The main themes of the evening were living and climate. A boy from the audience wondered how the parties will make sure that starters can get a home better. The three politicians agree that there should be more housing for starters. “The three million square meters of office spaces and other existing spaces need to be converted into homes,” said Dassen. Nanninga and Simons join this. Politicians also unanimously said that they want to abolish the landlord tax.
Nanninga also quoted immigration. “Hundreds of thousands of people come in a year and we already have too few homes. Its a very simple sum: if you already have too many people and too few houses, you dont have to bring people in.”
Simons reacted fiercely: “It makes a difference if you make sums that you can count well, because we all know that the housing shortage is not due to immigrants.” According to Simons, the cause is mainly bad housing policy. She thinks, like Dassen, that we should invest more in that.
JA21 has the ambitious plan to build a new city. Nanninga called it a “dream project” of the party. According to her, it not only brings many new homes, but has even more advantages. “You can unleash a lot of innovation and it creates a lot of jobs.”
Check out how Simons and Dassen think about Nanningas dream project:
Another public question was about climate change. How do the parties want to counteract them? Badgers: “We need to focus on sustainable resources, i.e. sun, water and wind.” But at the same time he calls nuclear power. “We are at a stage where we need to speed up this transition and we need to keep all the options on the table.” According to Nanninga, renewable energy is too expensive. It is therefore in favour of nuclear energy.

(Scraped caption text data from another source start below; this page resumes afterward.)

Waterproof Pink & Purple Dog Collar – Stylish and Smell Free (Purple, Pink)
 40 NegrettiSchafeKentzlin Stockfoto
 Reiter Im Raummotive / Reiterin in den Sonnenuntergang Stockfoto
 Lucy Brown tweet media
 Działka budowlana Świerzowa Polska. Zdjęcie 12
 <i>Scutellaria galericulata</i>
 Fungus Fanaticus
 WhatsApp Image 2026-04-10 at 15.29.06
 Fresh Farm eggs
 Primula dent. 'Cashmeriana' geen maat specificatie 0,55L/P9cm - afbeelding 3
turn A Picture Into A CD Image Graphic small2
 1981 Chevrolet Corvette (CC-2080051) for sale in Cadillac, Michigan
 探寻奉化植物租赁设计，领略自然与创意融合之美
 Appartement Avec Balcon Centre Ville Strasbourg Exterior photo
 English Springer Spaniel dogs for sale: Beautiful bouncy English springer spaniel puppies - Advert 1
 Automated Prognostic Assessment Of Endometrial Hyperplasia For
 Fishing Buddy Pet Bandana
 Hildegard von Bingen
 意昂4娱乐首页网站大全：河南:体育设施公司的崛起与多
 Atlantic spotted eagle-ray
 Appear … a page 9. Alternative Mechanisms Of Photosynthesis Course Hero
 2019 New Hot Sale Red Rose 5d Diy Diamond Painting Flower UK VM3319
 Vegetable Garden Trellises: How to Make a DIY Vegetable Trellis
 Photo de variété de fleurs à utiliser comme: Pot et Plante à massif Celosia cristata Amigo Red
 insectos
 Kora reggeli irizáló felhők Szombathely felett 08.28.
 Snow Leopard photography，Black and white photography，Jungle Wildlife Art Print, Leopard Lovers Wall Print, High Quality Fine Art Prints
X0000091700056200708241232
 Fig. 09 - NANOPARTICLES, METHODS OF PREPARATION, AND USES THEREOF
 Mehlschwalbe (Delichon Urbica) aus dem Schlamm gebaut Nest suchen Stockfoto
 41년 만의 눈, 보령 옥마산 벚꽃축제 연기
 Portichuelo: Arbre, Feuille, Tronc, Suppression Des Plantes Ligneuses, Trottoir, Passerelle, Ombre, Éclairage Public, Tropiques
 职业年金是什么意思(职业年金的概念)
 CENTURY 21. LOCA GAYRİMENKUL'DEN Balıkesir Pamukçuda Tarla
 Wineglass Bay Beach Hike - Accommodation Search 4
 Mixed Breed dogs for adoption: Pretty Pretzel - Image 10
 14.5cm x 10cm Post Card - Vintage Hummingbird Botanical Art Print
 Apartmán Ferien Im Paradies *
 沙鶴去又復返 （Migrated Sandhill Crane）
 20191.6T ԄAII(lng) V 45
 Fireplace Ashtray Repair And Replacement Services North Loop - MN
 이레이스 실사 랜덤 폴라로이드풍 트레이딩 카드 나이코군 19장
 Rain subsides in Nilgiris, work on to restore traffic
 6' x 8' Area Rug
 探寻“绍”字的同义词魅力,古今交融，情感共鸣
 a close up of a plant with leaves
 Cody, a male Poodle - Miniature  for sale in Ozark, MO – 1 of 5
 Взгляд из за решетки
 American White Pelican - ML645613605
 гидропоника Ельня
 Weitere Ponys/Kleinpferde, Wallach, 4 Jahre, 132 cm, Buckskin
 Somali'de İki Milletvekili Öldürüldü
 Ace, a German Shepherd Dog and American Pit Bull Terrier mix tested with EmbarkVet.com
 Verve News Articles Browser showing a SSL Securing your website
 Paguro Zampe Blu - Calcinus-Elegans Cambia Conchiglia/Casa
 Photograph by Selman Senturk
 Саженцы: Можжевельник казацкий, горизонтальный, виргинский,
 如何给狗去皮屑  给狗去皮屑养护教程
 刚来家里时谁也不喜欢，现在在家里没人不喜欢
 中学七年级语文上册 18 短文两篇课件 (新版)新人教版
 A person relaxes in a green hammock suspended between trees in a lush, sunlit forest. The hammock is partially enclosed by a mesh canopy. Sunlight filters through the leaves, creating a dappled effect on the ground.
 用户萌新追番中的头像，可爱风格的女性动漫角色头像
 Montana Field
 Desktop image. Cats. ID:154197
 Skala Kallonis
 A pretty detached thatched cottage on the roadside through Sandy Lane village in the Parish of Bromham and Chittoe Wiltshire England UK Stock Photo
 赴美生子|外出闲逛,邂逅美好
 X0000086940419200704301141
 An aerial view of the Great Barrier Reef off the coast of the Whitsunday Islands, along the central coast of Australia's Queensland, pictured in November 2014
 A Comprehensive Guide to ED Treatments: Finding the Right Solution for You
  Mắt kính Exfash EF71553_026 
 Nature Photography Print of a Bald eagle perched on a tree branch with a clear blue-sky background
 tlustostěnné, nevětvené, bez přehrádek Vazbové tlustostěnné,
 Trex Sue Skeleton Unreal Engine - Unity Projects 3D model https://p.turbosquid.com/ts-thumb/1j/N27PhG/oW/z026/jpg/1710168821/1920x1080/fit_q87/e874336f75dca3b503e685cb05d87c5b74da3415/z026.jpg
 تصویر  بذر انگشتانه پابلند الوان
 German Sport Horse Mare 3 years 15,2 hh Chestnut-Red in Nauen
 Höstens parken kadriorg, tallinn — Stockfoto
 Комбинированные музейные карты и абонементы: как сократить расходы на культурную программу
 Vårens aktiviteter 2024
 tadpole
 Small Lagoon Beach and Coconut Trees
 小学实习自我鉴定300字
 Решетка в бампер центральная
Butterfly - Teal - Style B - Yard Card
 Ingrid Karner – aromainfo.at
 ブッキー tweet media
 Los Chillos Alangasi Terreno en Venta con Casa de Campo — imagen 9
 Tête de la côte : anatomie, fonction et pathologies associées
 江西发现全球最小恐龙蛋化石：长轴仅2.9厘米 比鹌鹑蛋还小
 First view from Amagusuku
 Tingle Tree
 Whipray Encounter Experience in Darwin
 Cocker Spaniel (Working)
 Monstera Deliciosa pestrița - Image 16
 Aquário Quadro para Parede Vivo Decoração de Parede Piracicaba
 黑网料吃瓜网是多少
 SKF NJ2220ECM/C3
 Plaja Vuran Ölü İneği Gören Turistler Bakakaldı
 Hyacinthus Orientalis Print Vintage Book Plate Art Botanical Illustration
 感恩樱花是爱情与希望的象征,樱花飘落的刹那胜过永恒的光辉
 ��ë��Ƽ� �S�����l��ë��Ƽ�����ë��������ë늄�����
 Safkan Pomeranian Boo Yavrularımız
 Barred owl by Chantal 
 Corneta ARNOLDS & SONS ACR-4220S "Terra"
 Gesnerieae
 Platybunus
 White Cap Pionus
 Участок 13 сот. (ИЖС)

A viewer wonders why she sets a limit on what she wants to spend on climate:
At 1 leader Simons does not believe in nuclear power. “Its too expensive, not necessary, and it takes too long to use it.” Simons, for example, wants to put an end to subsidies for fossil industries. In addition, she said she wanted to make public transport free, in order to reduce emissions.
Check out how Simons wants to fund the free public transport:
Finally, someone from the public wondered why the hospitality industry is not opened, while the parks are full. Its a subject that has been a lot of discussion over the last few days. “If it is safe, it must be possible,” is Simonss answer to that. However, she emphasises that other professions should not be forgotten. As an example, she mentions the sex workers who are not yet allowed to work, whereas barbershops, for example, can open again from next week. “This policy plays people against each other,” she says.
Volt-leader Dassen believes that there should definitely be consultation with the catering industry to see what is possible, but is reluctant to do so. “We see that the infections are rising, so we need to look closely at how that is going to develop. Were in that third wave.”
If it is up to Nanninga, the catering industry will reopen as soon as possible:
Do you want to look back the whole conversation? You can do that here:
With Nanninga, Simons and Dassen, the electoral program of CCEit has ended on 3. All the list holders of the big parties have been in the past week, except PVV-puller Geert Wilders. He turned down the invitation.